**Required work**. Exactly as they appear below, repeat the lines from the one with "Foto: Cantabria reúne" through the one with "Chácara, 3 quartos, 1200 m² - Foto 2". Drop every picture.

**Records provided**.
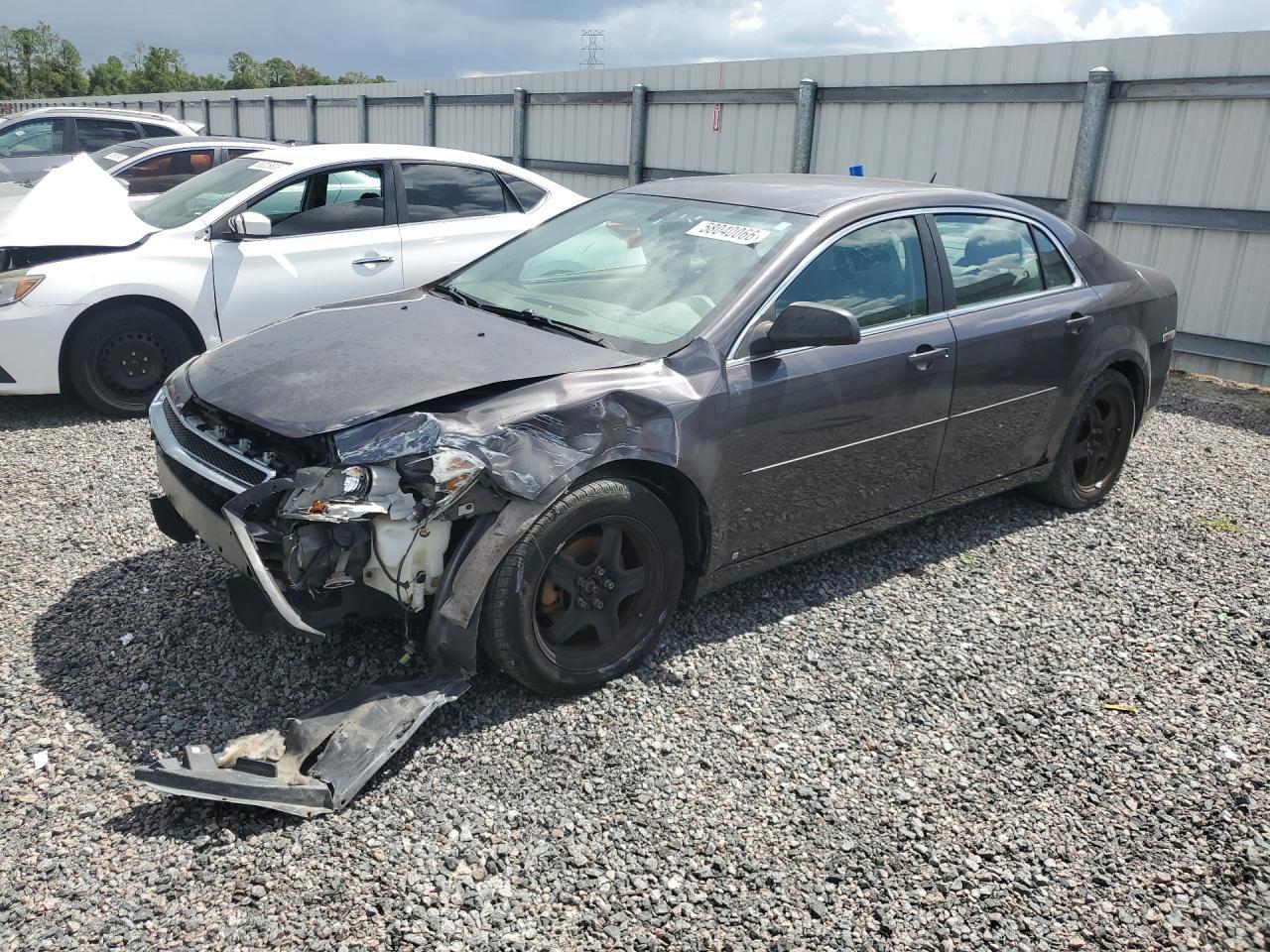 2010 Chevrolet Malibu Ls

---

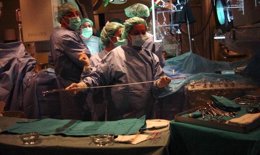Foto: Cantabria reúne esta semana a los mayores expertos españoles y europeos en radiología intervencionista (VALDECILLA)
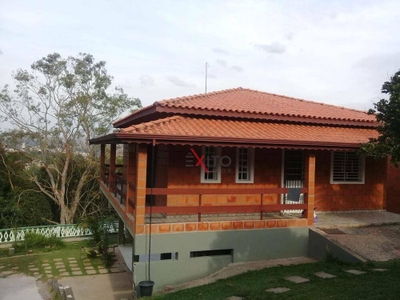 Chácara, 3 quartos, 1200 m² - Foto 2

**Exercise solution**.
Foto: Cantabria reúne esta semana a los mayores expertos españoles y europeos en radiología intervencionista (VALDECILLA)
 Chácara, 3 quartos, 1200 m² - Foto 2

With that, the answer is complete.